Ketiga, PKS menjelma menjadi sebuah kekuatan politik baru di Jawa Barat. Hal ini tak dapat dipungkiri dengan kemenangan HADE. DI Jawa Barat, suara PKS yang hanya berkisar antara 11%-12% ternyata bertambah hingga mencapai 40% pada pilkada. Ini menunjukkan beralihnya simpati masyarakat yang pada awalnya merupakan pendukung partai lain hingga mau memilih kandidat yang diusung oleh PKS. Selain itu, PKS juga mampu melakukan konsolidasi kader dan konstituen hingga mesin politik dapat diakselerasi pada Pilkada.

Keempat, bangkitnya kepercayaan masyarakat pada kaum muda. Seperti diketahui, Ahmad Heryawan dan Dede Yusuf masih dikategorikan sebagai pemuda. Umur mereka belum mencapai 50 tahun dan pemikiran mereka pun merepresentasikan pemikiran kaum muda. Ditambah lagi dengan kondisi fisik yang prima. Sehingga, masyarakat pun dapat dianggap menaruh harapan besar dengan kehadiran kandidat kaum muda.

Kelima, kemenangan Ahmad Heryawan-Dede Yusuf menunjukkan bahwa data Pemilu 2004 sangat sulit dijadikan acuan dalam memprediksi hasil pilkada. Hal ini mengingat banyak faktor yang mempengaruhi perolehan suara yang diraih oleh seorang calon sehingga banyak korelasi yang terbentuk antara satu variabel dengan variabel lainnya. Kemenangan HADE menunjukkan bahwa partai yang dianggap sebagai ”kuda hitam politik” pun masih bisa meraih kemenangan jika strategi pemenangan dirancang dengan tepat.

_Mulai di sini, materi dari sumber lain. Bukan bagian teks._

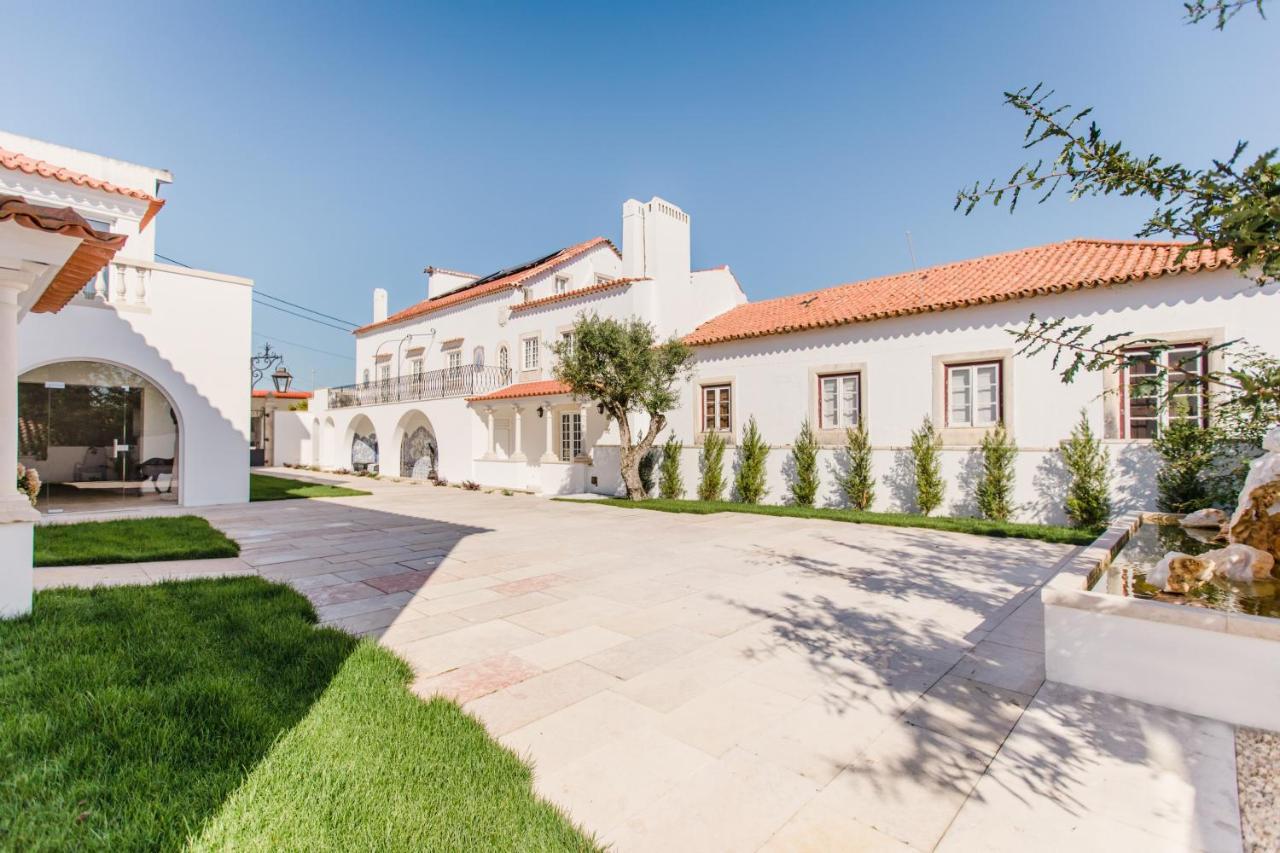 Sra Da Oliveira Solar Heritage 莱里亚 外观 照片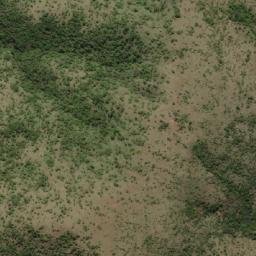 Satellite imagery of Korkorony Ridge, KE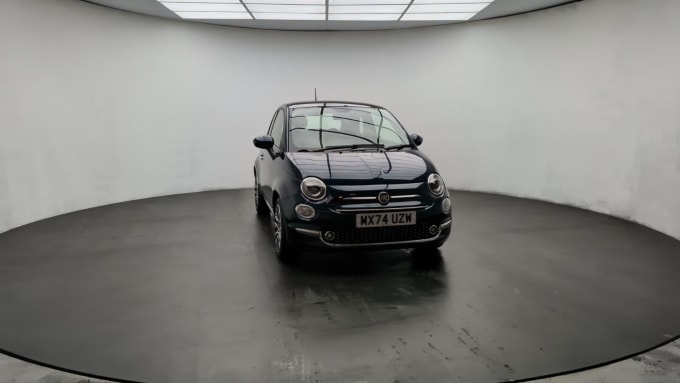 2025 Fiat 500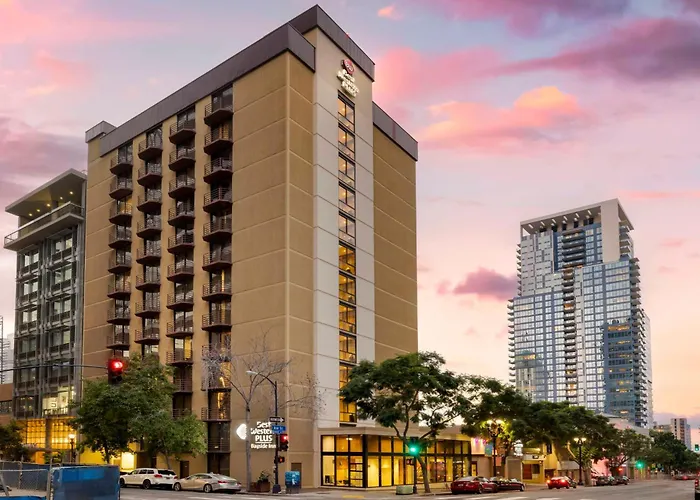 Best Western Plus Bayside Inn San Diego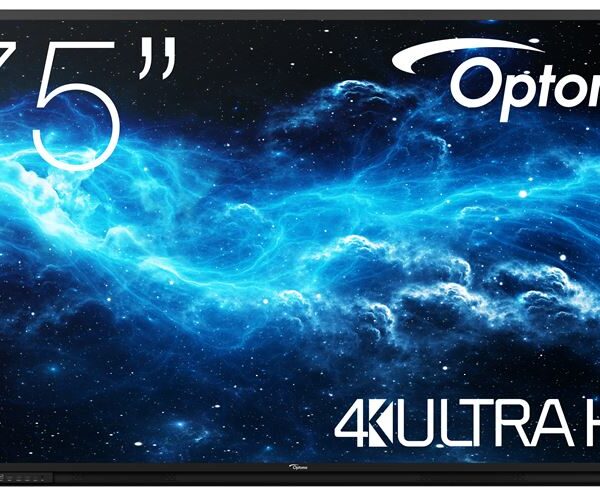 Optoma IFP 3752RK Display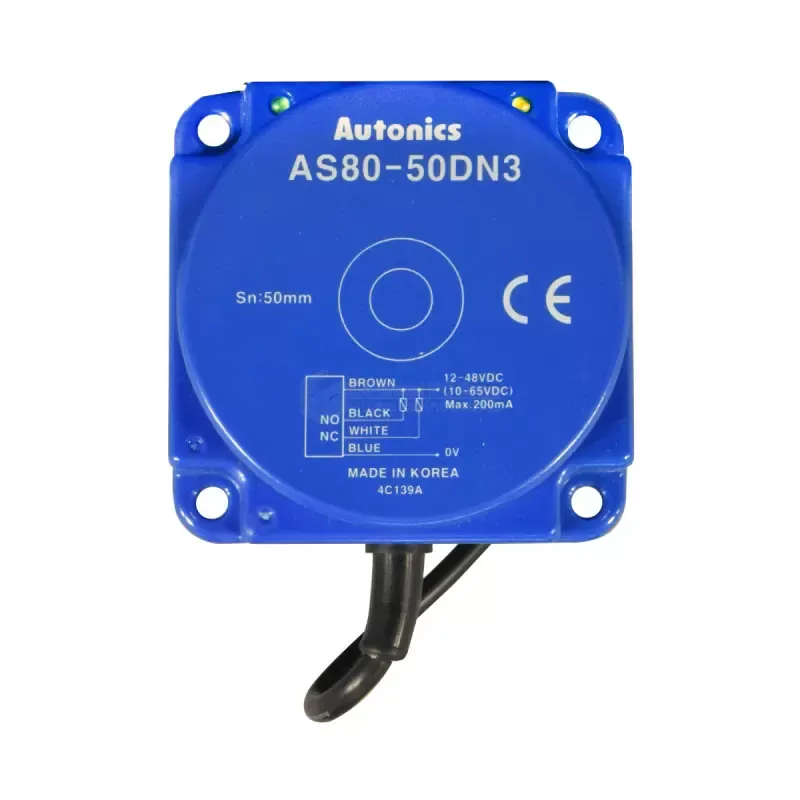 SENSOR INDUCTIVO AS80-50DN3 AUTONICS
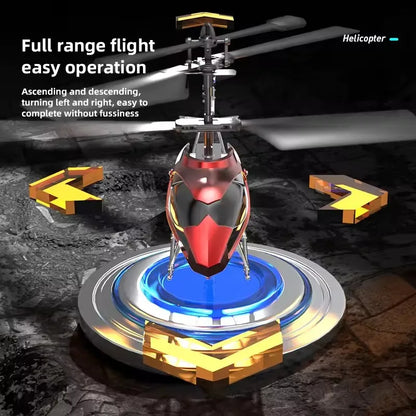 Hélicoptère electrique radiocommandé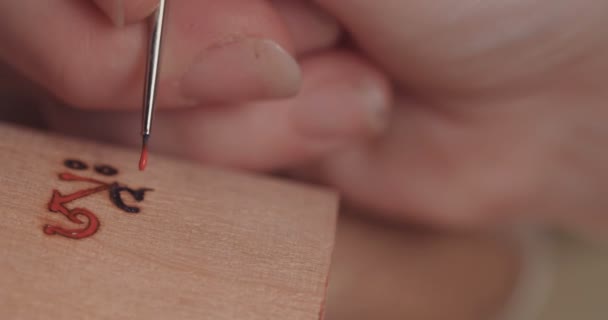 pyrographie sur bois, procédé créatif 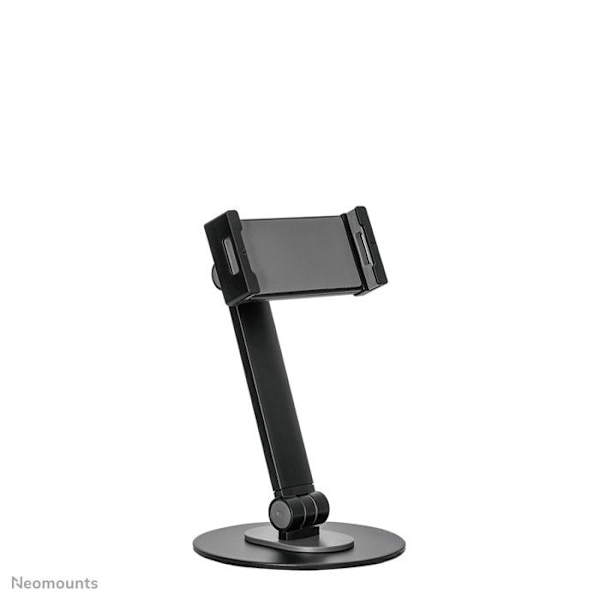 Stöd för surfplatta - Neomounts by Newstar - DS15-540BL1 - Rotation 360° - Universell - Svart
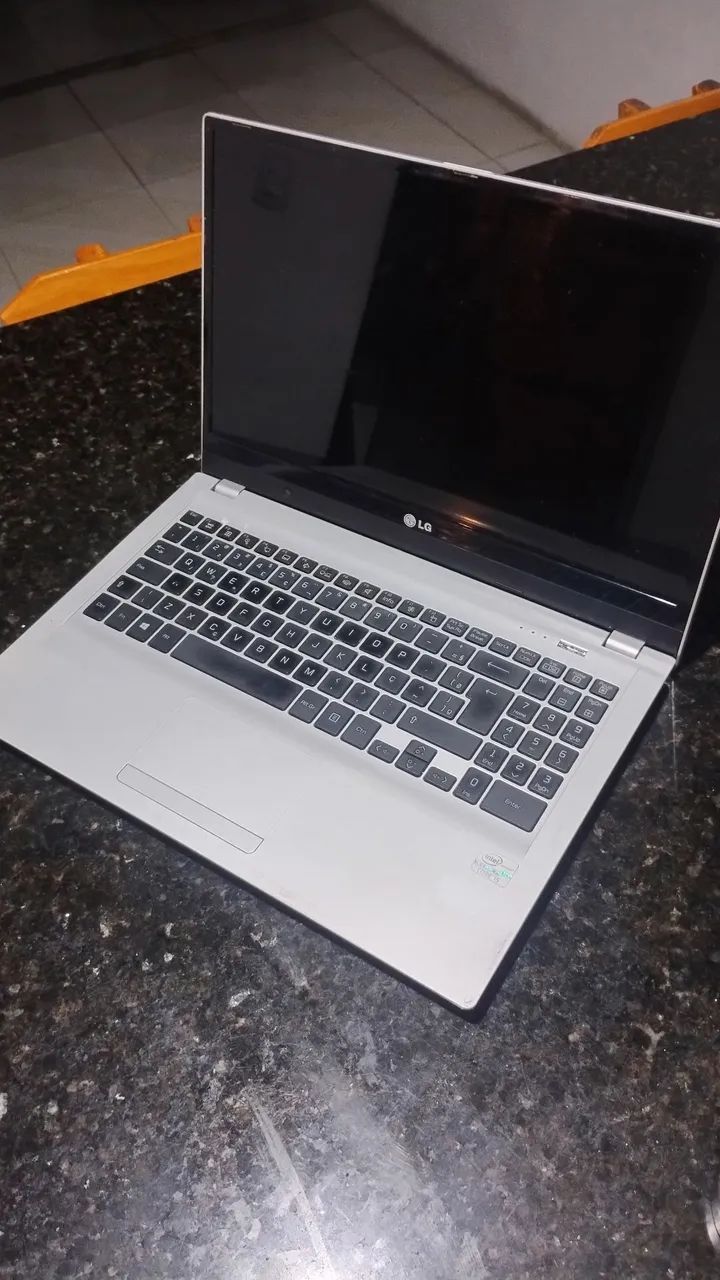 LG I5 retirada de peças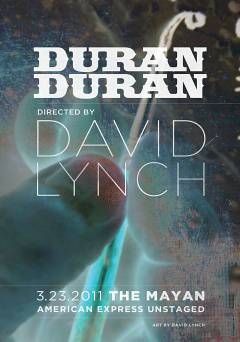 Duran Duran Unstaged - Movie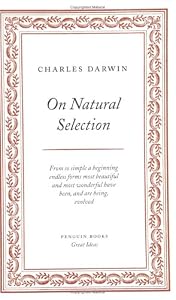 Cover of "On Natural Selection (Penguin G... Cover of "On Natural Selection (Penguin G...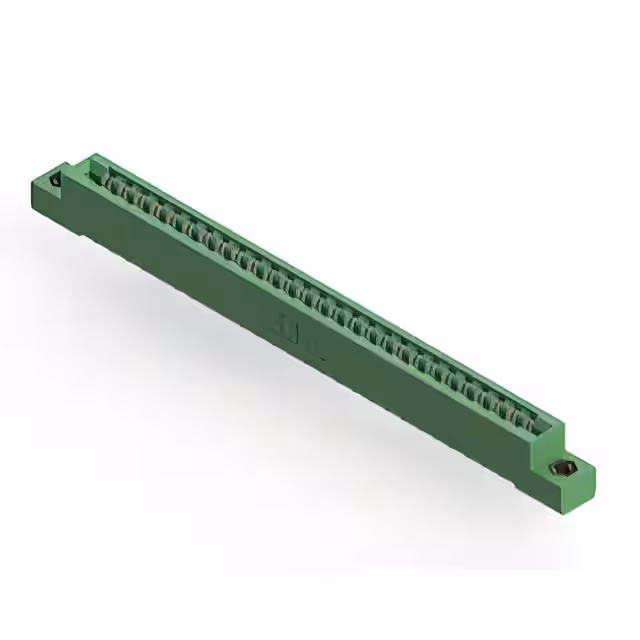 307-027-454-107 EDAC Inc.  Edgeboard Connectors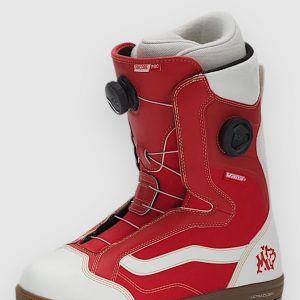 Prezzi Vans x mia brookes encore pro 2026 snowboard boot red / marshmellow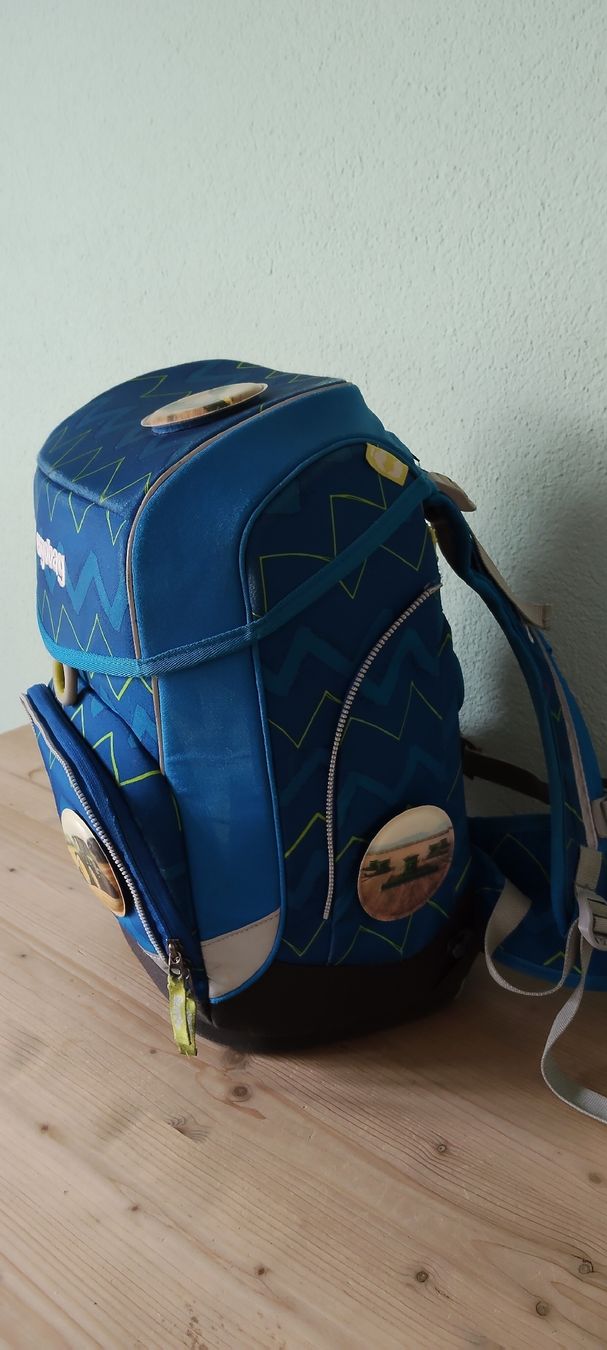 Ergobag Borse & Zaini: Ergobag Schulthek – Usato da Maschwanden venduto da Sterndli30 2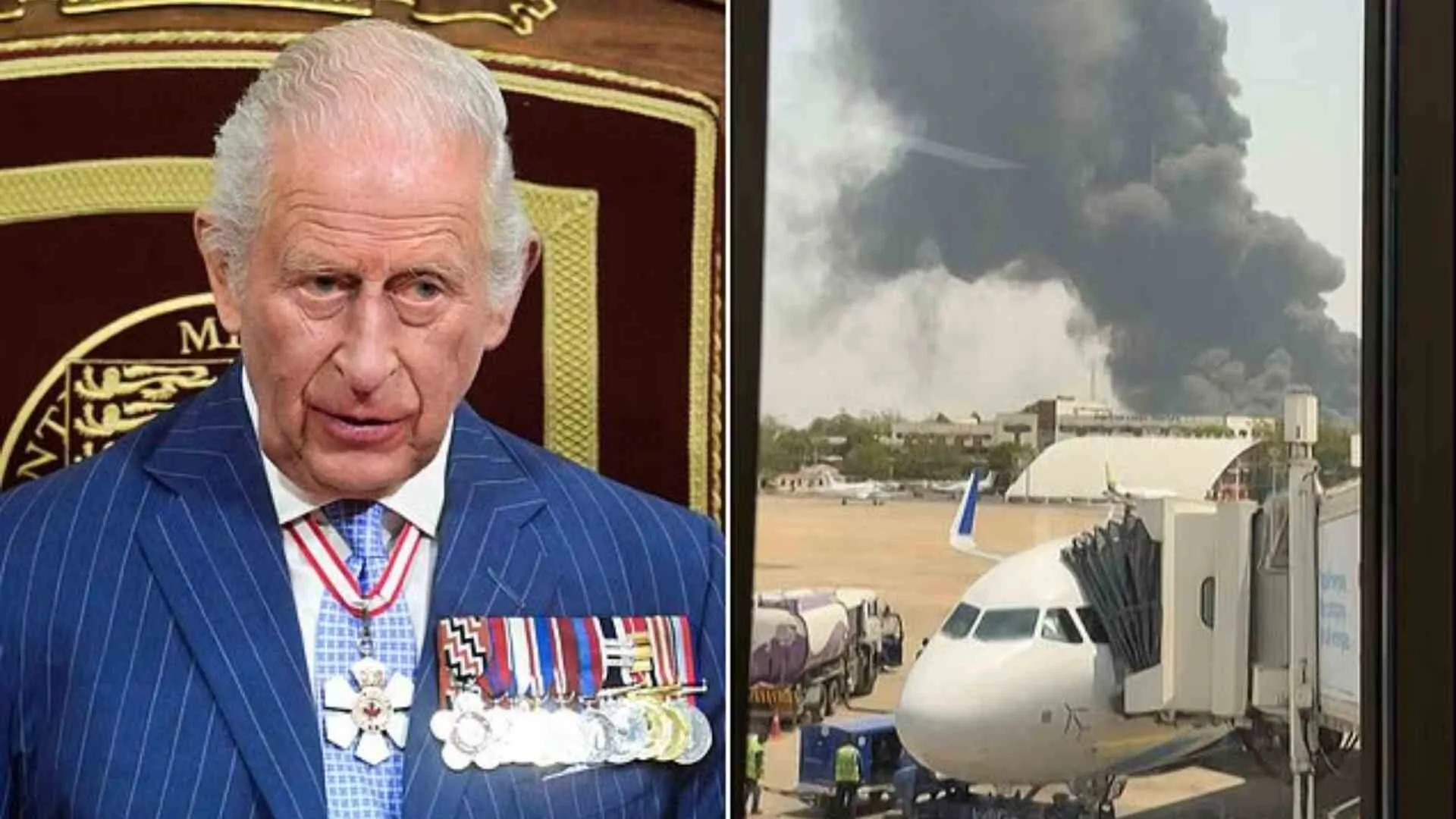 Air India Tragedy: King Charles ‘Desperately Shocked’ by Ahmedabad Crash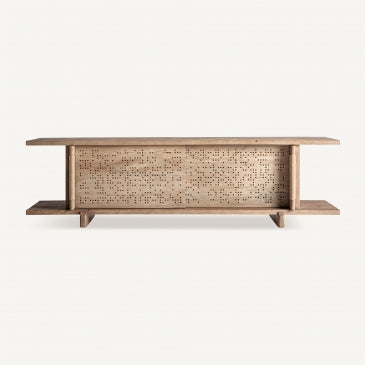 JACQUARD TV STAND*220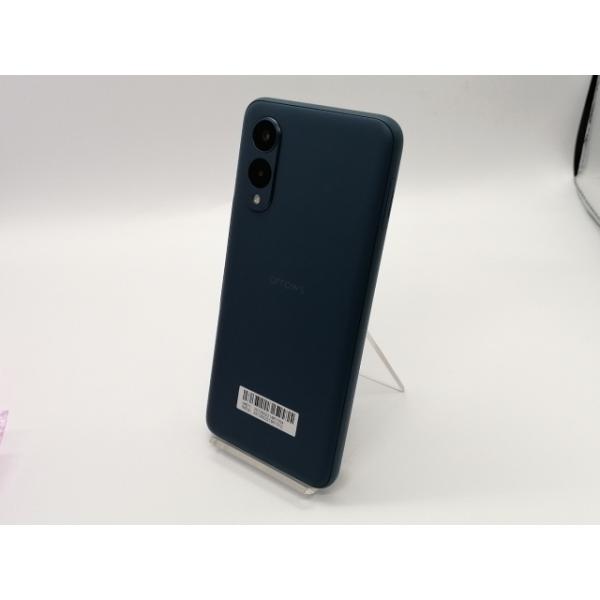 中古】FCNT docomo 【SIMフリー】 arrows We2 ネイビーグリーン 4GB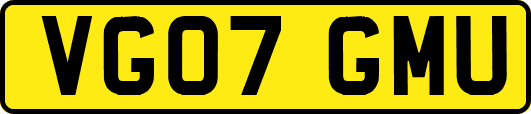 VG07GMU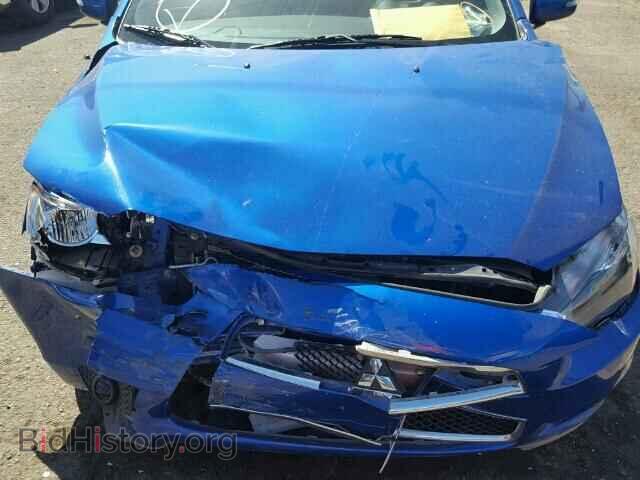 2015 MITSUBISHI LANCER - VIN: JA32U2FU7FU014142 - Фото 7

Lima fenomena tersebut pada intinya menegaskan bahwa demokratisasi telah berjalan dengan cukup baik di Jawa Barat, meski kita tak dapat memungkiri bahwa kelompok ”golongan putih” yang apolitik masih bercokol di sana. Akan tetapi, hasil yang diperoleh tetap merepresentasikan suara rakyat. Ini juga menjadi catatan bahwa akan ada pergeseran peta kekuatan politik pada tahun 2009 yang akan datang.

2. Pilkada Sumatera Utara

Kondisi serupa juga terjadi di Sumatera Utara. Di daerah yang notabene bukan merupakan basis kekuatan PKS ini, calon yang diusung PKS (Syamsul Arifin-Gatot Pujo Nugroho) juga berhasil memenangkan pilkada. Di daerah ini, PKS berkoalisi dengan 10 partai lain seperti PPP, PPNUI, PNI Marhaenisme, dan partai-partai lain.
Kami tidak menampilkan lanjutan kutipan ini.